The TPP, negotiations on which were initiated in late-2008 and concluded last October, is a regional trade deal that includes the United States, Australia, Brunei Darussalam, Canada, Chile, Japan, Malaysia, Mexico, New Zealand, Peru, Singapore and Vietnam, which account for nearly 40% of global GDP. The countries combined have more than 800 million consumers.
“The TPP will benefit American consumers, workers, businesses, farmers and ranchers, and we’re confident it will provide enormous new market opportunities for high-quality U.S. pork products,” said NPPC President John Weber, a pork producer from Dysart, Iowa. “America’s pork producers strongly support the TPP, and we urge Congress to quickly pass it.”
NPPC, which has been a leading voice in support of the TPP, believes the deal could be the “biggest commercial opportunity ever for U.S. pork producers.” Iowa State University economist Dermot Hayes estimates the agreement will exponentially increase U.S. pork exports to the Asia-Pacific region and help create more than 10,000 U.S. jobs tied to those exports.
According to a report released yesterday by the U.S. International Trade Commission, the TPP agreement is estimated to increase annual U.S. GDP by nearly $43 billion and to create almost 128,000 U.S. jobs by 2032, the year the agreement will be fully implemented. U.S. agricultural exports would rise by about $7.2 billion a year. The report estimates that 10 years after implementation, annual GDP would be $67 billion and 174,000 jobs will have been created.
► The Commission used a dynamic computable general equilibrium model to determine the impact of TPP relative to a baseline projection that does not include TPP. The model estimated that TPP would have positive effects, albeit small as a percentage of the overall size of the U.S. economy. By year 15 (2032), U.S. annual real income would be $57.3 billion (0.23%) higher than the baseline projections, real GDP would be $42.7 billion (0.15%) higher, and employment would be 0.07% higher (128,000 full-time equivalents). U.S. exports and U.S. imports would be $27.2 billion (1.0%) and $48.9 billion (1.1%) higher, respectively, relative to baseline projections. U.S. exports to new free-trade agreement partners would grow by $34.6 billion (18.7%); U.S. imports from those countries would grow by $23.4 billion (10.4%).
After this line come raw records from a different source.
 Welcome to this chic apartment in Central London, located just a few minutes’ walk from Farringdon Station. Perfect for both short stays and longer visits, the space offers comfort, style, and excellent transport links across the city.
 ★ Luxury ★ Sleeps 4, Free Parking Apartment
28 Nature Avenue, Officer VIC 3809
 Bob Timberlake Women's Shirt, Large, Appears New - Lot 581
► Among broad sectors of the U.S. economy, agriculture and food would see the greatest percentage gain relative to the baseline projections; output would be $10.0 billion, or 0.5 percent, higher by year 15. The services sector would benefit, with a gain of $42.3 billion in output. Output in manufacturing, natural resources, and energy would be $10.8 billion (0.1%) lower with the TPP agreement than it would be compared with baseline estimates without the agreement.
► Many stakeholders consider two new electronic commerce provisions that protect cross-border data flows and prohibit data localization requirements to be crucial to the development of cross-border trade in services, and vital to optimizing the global operations of large and small U.S. companies in all sectors.
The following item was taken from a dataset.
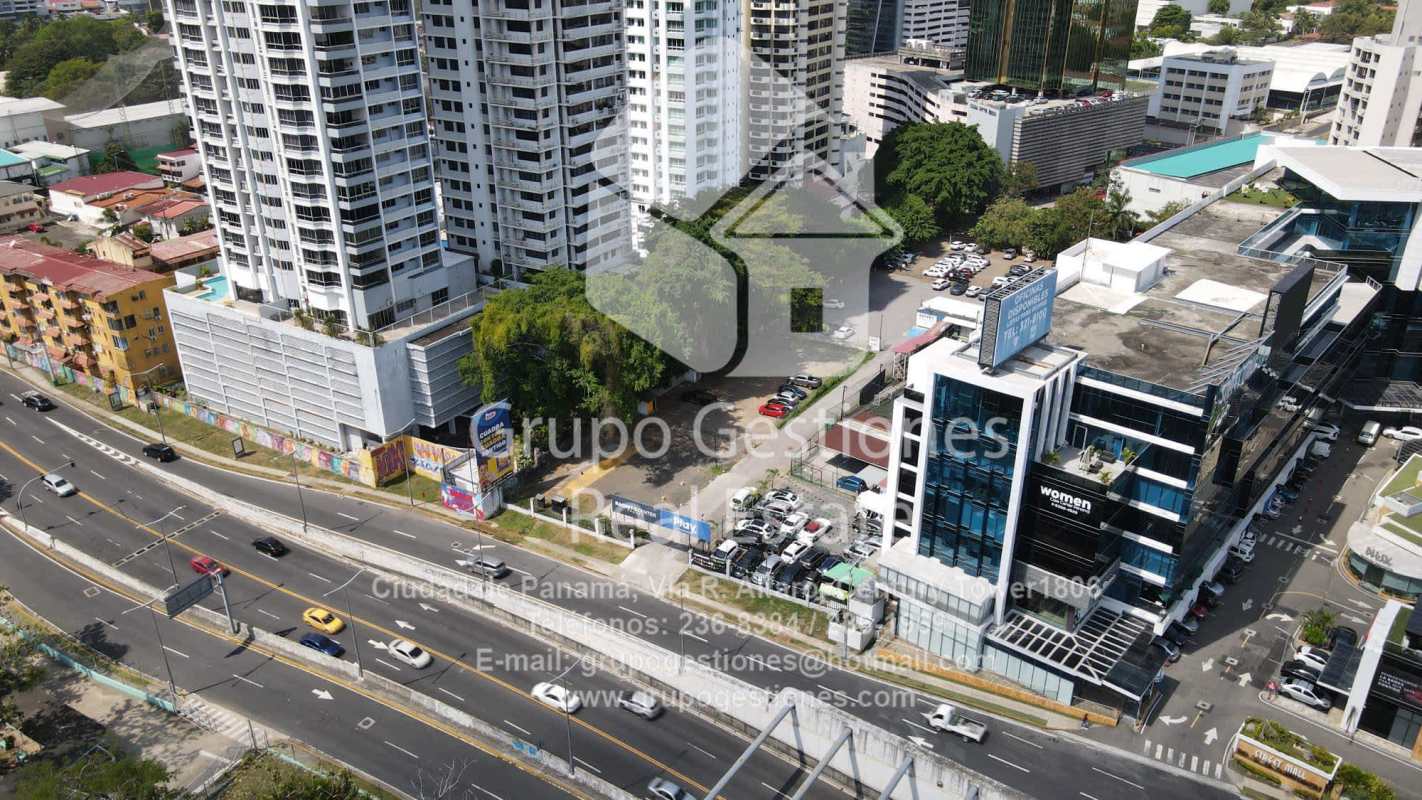 Available large commercial lot space with panoramic city views on busy Via Israel San Francisco Panama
► TPP would generally establish trade-related disciplines that strengthen and harmonize regulations, increase certainty, and decrease trade costs for firms that trade and invest in the TPP region. Interested parties particularly emphasized the importance of TPP chapters addressing intellectual property rights, customs and trade facilitation, investment, technical barriers to trade, sanitary and phytosanitary standards, and state-owned enterprises.
“The USITC report confirms what we’ve known about the benefits of an agreement that eliminates tariff and non-tariff barriers to our products,” Weber said. “Not only will the TPP level the playing field for U.S. exports and, in fact, expand them, but it has the potential to become even bigger. For all intents and purposes, the agreement has become the global vehicle for free trade.”
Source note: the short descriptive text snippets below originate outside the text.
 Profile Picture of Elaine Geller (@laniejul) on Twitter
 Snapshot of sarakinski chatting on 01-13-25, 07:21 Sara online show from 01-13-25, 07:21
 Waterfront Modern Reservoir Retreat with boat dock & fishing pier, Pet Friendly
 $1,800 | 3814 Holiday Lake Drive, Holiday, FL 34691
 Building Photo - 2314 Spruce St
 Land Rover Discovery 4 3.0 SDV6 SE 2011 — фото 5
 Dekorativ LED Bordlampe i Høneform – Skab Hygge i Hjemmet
A number of other countries in the region, including South Korea and the Philippines, already have indicated an interest in joining the TPP.
NPPC has expressed concern about a U.S. delay in approving — or even a rejection of — the trade agreement, pointing out that other countries are negotiating free trade deals in the Asia-Pacific region, including the China-led, 16-nation Regional Comprehensive Economic Partnership.
“The U.S. needs to act more quickly to get the TPP approved and implemented,” said Weber. “If we delay, we fall behind. And we certainly cannot afford either economically or geopolitically to walk away from the fastest growing region in the world.”